# Ardisia japonica (Thunb.) Blume and Lespedeza cuneata G. Don may treat chronic obstructive pulmonary disease by targeting HK2 and PTAFR

**Authors:** Xian Luo, Zheng Hang Ge, Shan Luo, Bo Li, Xun Zhou, Yi Yang, Yong Jiang, Tao Tan, Ke Lin Wang

PMC · DOI: 10.3389/fmed.2025.1527632 · 2025-05-06

## TL;DR

This study explores how two plants, Ardisia japonica and Lespedeza cuneata, may help treat COPD by targeting genes HK2 and PTAFR, which are linked to immune responses.

## Contribution

The study identifies HK2 and PTAFR as novel therapeutic targets for COPD using network pharmacology and molecular docking.

## Key findings

- HK2 and PTAFR are significantly upregulated in COPD samples and linked to immune-related pathways.
- Quercetin and daucosterol show strong binding to HK2 and PTAFR, suggesting potential therapeutic use.
- The genes correlate with chemotactic factors, immunosuppressants, and MHC molecules, indicating roles in COPD immune responses.

## Abstract

Previous studies have demonstrated the significant efficacy of Ardisia japonica (Thunb.) Blume (Zijinniu) and Lespedeza cuneata G. Don (Tiesaozhou) in alleviating cough and reducing phlegm. This study employed network pharmacology and bioinformatics approaches to identify key genes associated with Zijinniu and Tiesaozhou in chronic obstructive pulmonary disease (COPD), offering insights into potential therapeutic strategies.

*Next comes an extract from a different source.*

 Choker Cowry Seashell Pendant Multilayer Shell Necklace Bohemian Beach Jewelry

Data on COPD, along with the active ingredients and target genes of Zijinniu and Tiesaozhou, were utilized. By integrating the results of differential expression analysis and the target genes of these two plants, candidate genes were identified. Key genes were then confirmed through gene expression analysis in the GSE124180 and GSE42057 datasets. A nomogram was constructed based on these genes to assess COPD risk, followed by validation. Additionally, functional analysis, immune factor profiling, molecular docking, and reverse transcription-polymerase chain reaction (RT-qPCR) were performed.

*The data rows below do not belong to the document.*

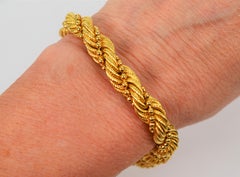 Braided Twist Rope 18 Karat Yellow Gold Bracelet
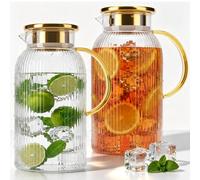 QIANBAIYI Confezione da 2 caraffe in vetro a coste da 2 l, con coperchio, manico e beccuccio ventilato, per porta e ripiano del frigorifero, ideale per pimms, picnic, tè freddo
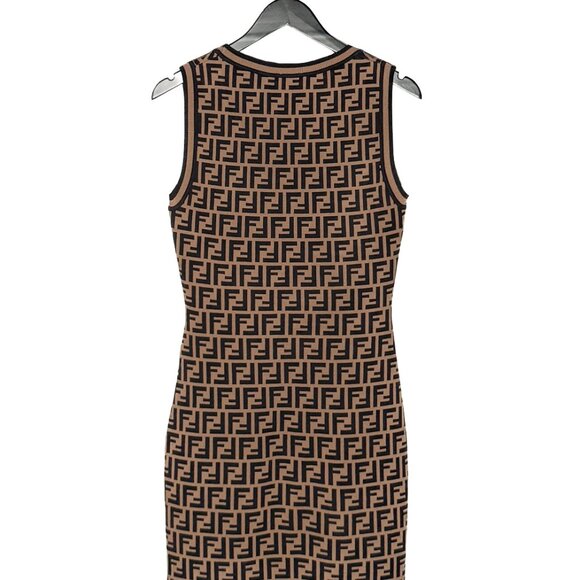 Fendi Brown Zucca FF Pattern Sleeveless Dress - Picture 3 of 7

HK2 and PTAFR emerged as critical genes for COPD treatment, exhibiting significantly elevated expression in COPD samples. RT-qPCR confirmed the significantly higher expression of HK2 (P = 0.0425) in COPD samples. These findings highlight the potential of HK2 and PTAFR as therapeutic targets for COPD. Functional analysis further indicated that HK2 and PTAFR were co-enriched in pathways such as the “chemokine signaling pathway” and “FC gamma R-mediated phagocytosis,” suggesting their involvement in immune responses. Immune factor analysis revealed strong correlations between these genes and various chemotactic factors (e.g., CCL23, CCL5), immunosuppressants (e.g., IDO1, CSF1R), immunostimulants (e.g., ICOS, CD28), chemokine receptors (e.g., CXCR1, CXCR2), and major histocompatibility complex (MHC) molecules (e.g., HLA-B). Molecular docking revealed favorable binding energies between HK2 and quercetin (−8.2 kcal/mol), and between PTAFR and daucosterol (−8.4 kcal/mol), suggesting their potential as effective compounds targeting key genes for COPD therapy.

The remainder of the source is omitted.